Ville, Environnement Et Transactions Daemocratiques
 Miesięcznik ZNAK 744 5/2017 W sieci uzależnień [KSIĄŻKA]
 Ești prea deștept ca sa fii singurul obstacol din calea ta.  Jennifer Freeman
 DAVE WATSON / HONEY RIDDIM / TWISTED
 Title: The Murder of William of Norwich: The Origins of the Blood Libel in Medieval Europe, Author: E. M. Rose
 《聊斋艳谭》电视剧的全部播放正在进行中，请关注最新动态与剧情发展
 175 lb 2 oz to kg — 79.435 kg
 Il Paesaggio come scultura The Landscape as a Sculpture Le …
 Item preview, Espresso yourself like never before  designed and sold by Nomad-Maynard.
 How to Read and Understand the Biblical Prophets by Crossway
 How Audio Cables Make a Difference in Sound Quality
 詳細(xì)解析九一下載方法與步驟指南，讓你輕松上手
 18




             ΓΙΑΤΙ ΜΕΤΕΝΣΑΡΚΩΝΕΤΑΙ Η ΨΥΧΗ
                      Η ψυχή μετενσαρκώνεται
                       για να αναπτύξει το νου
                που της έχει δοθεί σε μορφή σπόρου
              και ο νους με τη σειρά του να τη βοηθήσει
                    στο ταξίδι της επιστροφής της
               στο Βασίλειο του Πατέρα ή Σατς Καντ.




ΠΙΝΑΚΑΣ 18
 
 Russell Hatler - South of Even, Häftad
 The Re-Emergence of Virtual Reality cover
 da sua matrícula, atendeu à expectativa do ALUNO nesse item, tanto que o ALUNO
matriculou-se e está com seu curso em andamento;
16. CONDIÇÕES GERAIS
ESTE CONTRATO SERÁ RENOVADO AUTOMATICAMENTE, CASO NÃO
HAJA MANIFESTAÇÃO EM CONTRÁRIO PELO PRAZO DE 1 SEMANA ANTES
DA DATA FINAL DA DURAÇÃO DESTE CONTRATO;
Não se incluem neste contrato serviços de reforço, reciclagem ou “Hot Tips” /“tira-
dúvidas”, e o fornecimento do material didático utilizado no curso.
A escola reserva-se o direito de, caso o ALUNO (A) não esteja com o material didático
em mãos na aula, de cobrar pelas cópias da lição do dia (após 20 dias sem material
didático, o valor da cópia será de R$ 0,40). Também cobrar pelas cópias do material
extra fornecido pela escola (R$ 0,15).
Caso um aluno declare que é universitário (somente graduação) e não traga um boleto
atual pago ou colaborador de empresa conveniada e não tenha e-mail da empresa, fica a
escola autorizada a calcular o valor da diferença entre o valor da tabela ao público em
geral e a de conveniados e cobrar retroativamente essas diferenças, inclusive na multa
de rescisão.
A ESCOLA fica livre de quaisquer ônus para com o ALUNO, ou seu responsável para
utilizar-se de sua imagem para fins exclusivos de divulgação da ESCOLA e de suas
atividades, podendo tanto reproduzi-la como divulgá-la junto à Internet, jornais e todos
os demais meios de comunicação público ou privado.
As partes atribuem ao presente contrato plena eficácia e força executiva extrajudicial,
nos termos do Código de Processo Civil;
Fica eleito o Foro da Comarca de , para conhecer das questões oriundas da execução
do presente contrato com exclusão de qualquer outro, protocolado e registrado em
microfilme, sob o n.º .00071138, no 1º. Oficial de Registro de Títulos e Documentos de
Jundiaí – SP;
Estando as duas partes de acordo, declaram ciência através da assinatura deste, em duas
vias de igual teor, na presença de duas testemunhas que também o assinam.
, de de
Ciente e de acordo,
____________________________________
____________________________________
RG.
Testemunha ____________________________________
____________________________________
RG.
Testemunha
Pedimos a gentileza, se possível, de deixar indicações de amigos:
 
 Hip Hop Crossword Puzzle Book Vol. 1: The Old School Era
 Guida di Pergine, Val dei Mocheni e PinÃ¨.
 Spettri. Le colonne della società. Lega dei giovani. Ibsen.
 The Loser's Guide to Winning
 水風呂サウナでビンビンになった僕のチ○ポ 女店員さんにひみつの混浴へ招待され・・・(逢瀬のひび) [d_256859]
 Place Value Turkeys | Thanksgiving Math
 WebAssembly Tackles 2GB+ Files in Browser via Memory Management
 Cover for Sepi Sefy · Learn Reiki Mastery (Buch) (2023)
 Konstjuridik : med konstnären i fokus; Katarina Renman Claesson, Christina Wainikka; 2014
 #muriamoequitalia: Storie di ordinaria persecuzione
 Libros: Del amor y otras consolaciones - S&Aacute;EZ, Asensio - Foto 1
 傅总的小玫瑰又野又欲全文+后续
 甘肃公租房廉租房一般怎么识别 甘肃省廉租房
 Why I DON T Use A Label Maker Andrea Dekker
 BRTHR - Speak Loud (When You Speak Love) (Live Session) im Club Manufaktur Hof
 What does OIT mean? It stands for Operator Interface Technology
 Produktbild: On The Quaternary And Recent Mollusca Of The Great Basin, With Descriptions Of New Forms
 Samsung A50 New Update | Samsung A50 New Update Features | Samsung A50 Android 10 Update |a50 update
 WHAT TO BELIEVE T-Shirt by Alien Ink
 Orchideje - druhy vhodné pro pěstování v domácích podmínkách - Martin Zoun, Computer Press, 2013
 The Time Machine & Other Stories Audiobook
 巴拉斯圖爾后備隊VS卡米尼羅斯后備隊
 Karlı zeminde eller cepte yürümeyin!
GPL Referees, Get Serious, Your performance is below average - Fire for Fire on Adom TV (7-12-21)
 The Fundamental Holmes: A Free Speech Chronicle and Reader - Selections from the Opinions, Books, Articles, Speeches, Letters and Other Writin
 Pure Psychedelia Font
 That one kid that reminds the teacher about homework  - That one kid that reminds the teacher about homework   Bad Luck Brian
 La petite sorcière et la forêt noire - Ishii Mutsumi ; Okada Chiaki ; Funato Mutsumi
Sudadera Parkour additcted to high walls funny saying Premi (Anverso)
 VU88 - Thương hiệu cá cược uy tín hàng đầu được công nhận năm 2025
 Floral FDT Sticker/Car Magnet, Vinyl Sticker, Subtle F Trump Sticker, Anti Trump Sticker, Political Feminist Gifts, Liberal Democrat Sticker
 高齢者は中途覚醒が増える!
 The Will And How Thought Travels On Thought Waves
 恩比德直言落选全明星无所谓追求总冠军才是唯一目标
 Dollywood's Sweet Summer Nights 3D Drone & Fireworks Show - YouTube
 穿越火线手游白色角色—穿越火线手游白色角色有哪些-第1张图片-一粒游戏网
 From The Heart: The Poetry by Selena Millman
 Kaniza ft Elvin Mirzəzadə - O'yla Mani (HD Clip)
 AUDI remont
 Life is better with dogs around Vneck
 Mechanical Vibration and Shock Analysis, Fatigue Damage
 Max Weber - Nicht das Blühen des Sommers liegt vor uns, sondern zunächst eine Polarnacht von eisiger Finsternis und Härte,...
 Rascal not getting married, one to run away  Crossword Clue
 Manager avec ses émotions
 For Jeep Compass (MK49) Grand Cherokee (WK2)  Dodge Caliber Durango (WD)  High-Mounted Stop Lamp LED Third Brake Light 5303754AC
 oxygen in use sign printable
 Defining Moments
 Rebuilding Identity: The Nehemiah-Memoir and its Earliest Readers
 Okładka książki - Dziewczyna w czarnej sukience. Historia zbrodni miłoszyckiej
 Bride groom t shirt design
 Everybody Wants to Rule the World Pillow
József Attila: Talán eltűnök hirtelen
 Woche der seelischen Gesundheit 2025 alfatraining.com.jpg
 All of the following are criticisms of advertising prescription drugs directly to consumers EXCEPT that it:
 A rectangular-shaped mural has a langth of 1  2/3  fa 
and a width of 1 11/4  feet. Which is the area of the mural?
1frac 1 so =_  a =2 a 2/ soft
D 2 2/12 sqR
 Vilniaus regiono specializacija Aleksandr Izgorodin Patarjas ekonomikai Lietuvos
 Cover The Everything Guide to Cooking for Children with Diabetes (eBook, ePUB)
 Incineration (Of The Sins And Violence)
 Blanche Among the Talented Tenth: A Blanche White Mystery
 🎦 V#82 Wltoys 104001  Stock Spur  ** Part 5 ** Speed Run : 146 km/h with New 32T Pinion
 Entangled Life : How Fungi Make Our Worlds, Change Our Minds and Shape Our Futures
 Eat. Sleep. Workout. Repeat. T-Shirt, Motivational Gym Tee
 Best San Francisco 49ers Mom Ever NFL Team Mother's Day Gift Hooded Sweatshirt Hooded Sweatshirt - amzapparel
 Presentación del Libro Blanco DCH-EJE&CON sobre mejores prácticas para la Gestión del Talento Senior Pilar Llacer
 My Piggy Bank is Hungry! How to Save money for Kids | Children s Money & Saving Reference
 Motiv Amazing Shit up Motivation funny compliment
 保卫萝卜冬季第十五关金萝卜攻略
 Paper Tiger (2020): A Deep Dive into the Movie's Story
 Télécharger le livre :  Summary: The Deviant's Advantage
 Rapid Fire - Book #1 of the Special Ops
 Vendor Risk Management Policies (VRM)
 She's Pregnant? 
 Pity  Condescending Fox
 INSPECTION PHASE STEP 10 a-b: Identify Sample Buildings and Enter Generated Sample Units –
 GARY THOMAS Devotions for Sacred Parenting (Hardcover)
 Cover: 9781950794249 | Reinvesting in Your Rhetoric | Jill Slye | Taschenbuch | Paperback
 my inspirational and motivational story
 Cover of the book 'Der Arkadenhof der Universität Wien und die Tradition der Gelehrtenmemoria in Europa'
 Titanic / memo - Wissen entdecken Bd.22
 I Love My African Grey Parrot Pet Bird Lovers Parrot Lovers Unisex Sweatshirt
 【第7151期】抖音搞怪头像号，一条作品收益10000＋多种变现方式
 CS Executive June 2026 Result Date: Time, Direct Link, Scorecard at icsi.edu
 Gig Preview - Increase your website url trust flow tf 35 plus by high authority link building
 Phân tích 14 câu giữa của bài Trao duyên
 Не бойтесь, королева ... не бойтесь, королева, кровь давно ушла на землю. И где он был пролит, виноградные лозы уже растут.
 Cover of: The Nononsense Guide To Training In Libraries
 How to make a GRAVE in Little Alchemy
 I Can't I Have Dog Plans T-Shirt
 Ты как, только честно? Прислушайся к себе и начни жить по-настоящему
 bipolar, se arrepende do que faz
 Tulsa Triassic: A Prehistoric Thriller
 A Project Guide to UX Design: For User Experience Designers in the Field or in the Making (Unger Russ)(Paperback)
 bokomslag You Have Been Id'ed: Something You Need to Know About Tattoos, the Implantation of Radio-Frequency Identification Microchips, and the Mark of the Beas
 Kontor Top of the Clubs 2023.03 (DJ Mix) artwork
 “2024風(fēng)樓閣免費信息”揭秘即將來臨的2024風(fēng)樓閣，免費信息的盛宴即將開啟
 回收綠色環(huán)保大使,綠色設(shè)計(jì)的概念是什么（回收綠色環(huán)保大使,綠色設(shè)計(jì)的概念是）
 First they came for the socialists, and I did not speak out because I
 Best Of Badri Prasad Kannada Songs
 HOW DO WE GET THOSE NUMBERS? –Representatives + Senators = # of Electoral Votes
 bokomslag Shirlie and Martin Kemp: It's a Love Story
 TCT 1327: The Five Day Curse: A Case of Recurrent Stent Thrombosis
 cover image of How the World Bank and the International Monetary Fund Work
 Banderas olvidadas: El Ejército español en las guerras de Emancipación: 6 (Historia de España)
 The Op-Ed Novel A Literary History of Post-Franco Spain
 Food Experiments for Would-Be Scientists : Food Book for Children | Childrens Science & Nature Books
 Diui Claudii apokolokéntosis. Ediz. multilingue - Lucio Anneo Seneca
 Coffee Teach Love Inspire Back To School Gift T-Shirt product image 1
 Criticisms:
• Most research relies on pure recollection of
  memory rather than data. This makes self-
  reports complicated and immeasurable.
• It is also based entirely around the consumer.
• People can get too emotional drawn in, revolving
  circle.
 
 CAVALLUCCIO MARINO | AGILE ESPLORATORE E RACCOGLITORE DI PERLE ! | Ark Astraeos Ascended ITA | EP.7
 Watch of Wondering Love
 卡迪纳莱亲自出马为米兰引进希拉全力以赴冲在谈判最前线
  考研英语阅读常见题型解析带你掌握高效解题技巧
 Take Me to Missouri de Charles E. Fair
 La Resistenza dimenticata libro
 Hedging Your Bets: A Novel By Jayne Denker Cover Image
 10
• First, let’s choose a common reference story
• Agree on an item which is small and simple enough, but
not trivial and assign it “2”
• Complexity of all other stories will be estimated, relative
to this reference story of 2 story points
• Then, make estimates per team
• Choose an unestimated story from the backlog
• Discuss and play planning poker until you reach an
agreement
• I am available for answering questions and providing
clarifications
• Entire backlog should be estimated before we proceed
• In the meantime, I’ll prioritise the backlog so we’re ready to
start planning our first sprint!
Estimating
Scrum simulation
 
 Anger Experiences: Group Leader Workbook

WORK INSTRUCTION – Every line of the records containing the word "Bank" must appear in the answer.

SOLUTION TO THIS TASK –
 My Piggy Bank is Hungry! How to Save money for Kids | Children s Money & Saving Reference
 cover image of How the World Bank and the International Monetary Fund Work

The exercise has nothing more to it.